June 14 - 30/18, Lodwar, Kenya
- Caleb Forsberg
- Jul 28, 2018
- 16 min read
Updated: Jul 29, 2018

“For we do not wrestle against flesh and blood, but against the rulers, against the authorities, against the cosmic powers of this present darkness, against the spiritual forces of evil in the heavenly places.” – Ephesians 6:12.
The sport of wrestling has had a dramatic impact on my life. I continually find myself looking back on the four years I spent in high school competing in the sport and I’m beginning to fully realize just how much it has shaped my life. It challenged me in ways I couldn’t expect. It taught me lessons I still value to this day. It was the most physically and mentally demanding experience of my life. I used to imagine that my life would become incredibly easier once I finished wrestling.
That is true in at least one aspect of my life. Morning physical training with Army ROTC at the University of Montana doesn't come close to training in a wrestling room for 2.5 hours 5 days a week and then wrestling in tournaments on the weekends. The daily abuse of being slammed, smacked and choked would end. I would never again have the pressure of a hundred eyes watching me fight someone one on one in a match that could have a very humiliating outcome.
What I didn’t foresee was the tougher arena I would be fighting in. In wrestling, I studied my opponent and I knew exactly how I needed to train to overcome him. Now I live without an opponent I can physically bring to the ground. I had to learn a new way to wrestle.

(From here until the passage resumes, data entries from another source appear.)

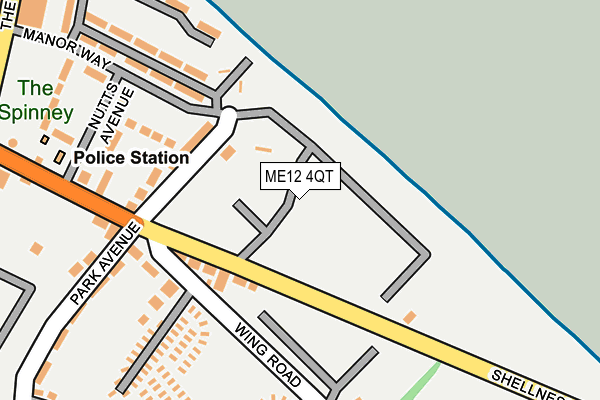 ME12 4QT map - OS OpenMap – Local (Ordnance Survey) ME12 4QT map - OS OpenMap – Local (Ordnance Survey)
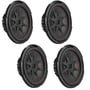 Kicker 48CWR124 12 Inch 1000 Watt 4 Ohm DVC Car Audio Stereo Subwoofer (4 Pack) thumbnail image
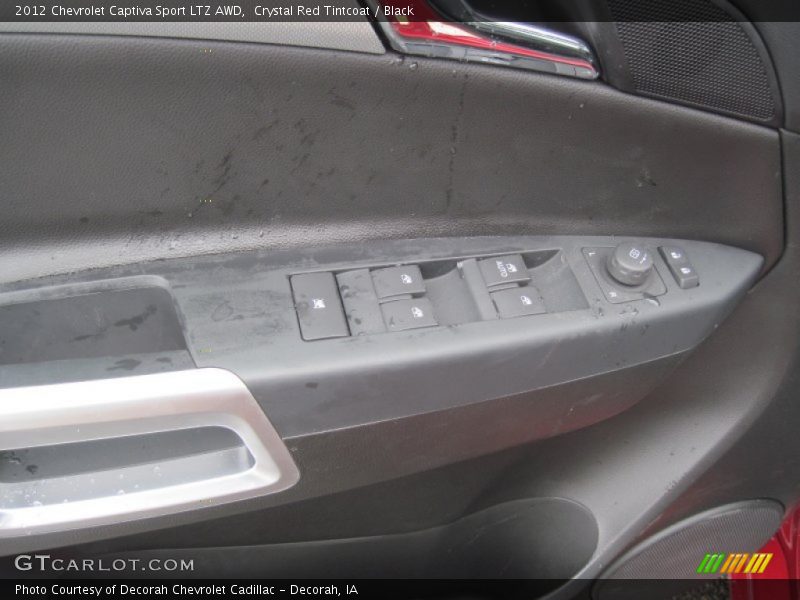 Crystal Red Tintcoat / Black 2012 Chevrolet Captiva Sport LTZ AWD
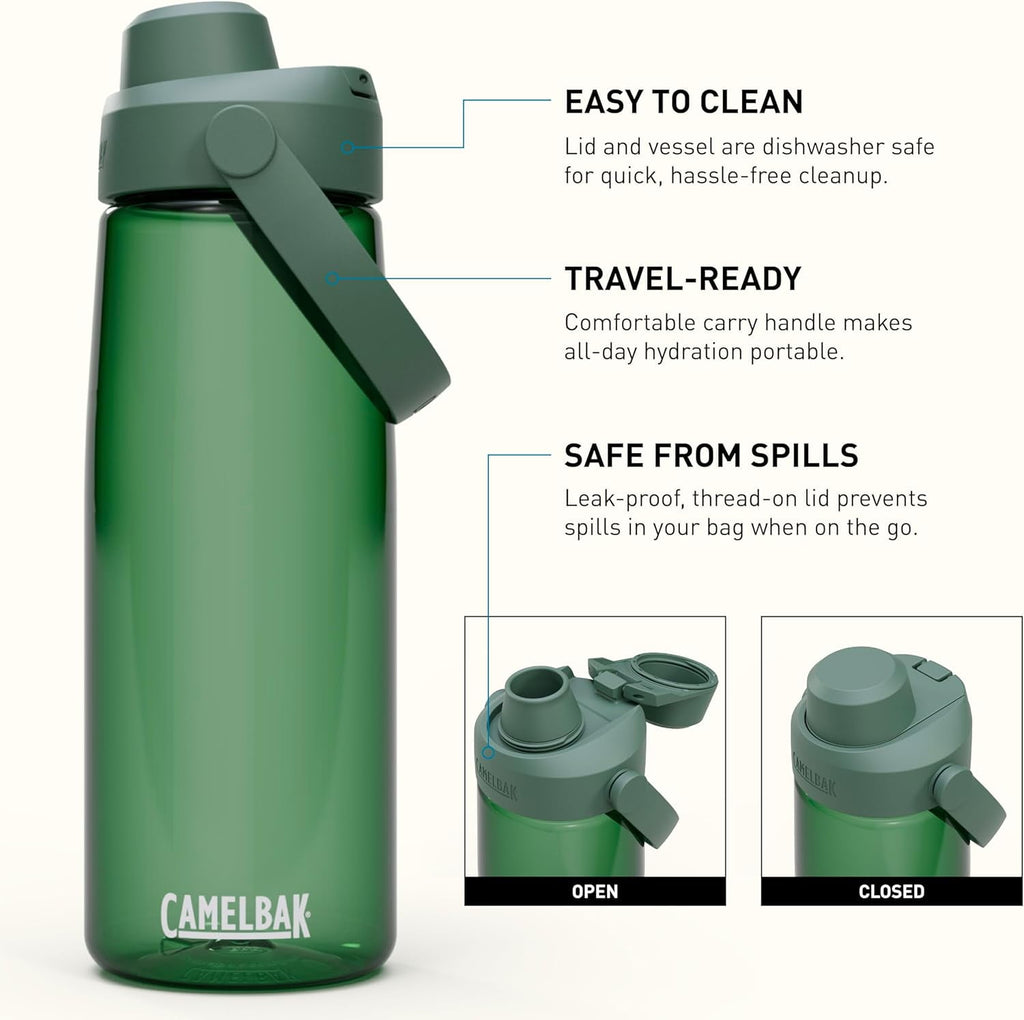 Camelbak Thrive Chug 25oz Water Bottle, Forest Green | 975H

I went to Kenya as part of a group of about 25 college students with Global Program run by Intervarsity. The goal of our group was to spread the love of Jesus in Kenya and grow more in love with Him in our own lives as well. We were split into two-person teams after our second week in Kenya. Each team was sent to separate parts of Kenya challenged with different assignments. My partner, Jordan, and I were sent to the most northern county in Kenya: Turkana. Specifically, we were living in Lodwar the capital of Turkana county.
Turkana is one giant desert filled with hills, covered with thousands of prickly thorn bushes and scorched by the blazing heat of the sun from sunrise to sunset. It took us 13 hours to drive from Nairobi (the capital of Kenya) to Lodwar in a cramped shuttle van where personal space is not a God-given right. Motion sickness accompanied my partner and I about halfway through the drive, but the salesmen banging on the van windows didn't seem to care too much. We arrived at the home of our host at 3:00 in the morning and were quickly escorted to our room. The first night my partner and I slept cautiously without the protection of mosquito nets. We killed more crickets than we could count, a handful of cockroaches, a praying mantis riding on my back and a couple spiders taking naps on our beds. We had a large metal door with two locks that seemed like the gate of a castle shutting out all the terrors of the outside world. Once it was shut our room took on the occupation of an oven. Jordan and I climbed into our separate beds drenched in sweat wondering how we were ever going to fall asleep in this extremely uncomfortable state. To give you a more accurate picture of our situation, try to imagine yourself running outside in the heat of the day in the middle of summer, jumping in a hot tub then hopping out and crawling into bed. I laid awake with my eyes wide open, rolled onto my knees and prayed that God would enable me to fall asleep. Once I laid back down, the sweat didn't seem to bother me as much. I took my focus off my level of comfort and just closed my eyes. That was a lesson I took from wrestling. During a match you're dripping with sweat, you're exhausted beyond belief, you might feel like vomiting a little, but you learn to take your focus off how you feel and switch it onto the task at hand. In a wrestling match that task could be how are you going to bring your opponent down to the mat or how you might escape, but for this situation, the task was as simple as falling asleep.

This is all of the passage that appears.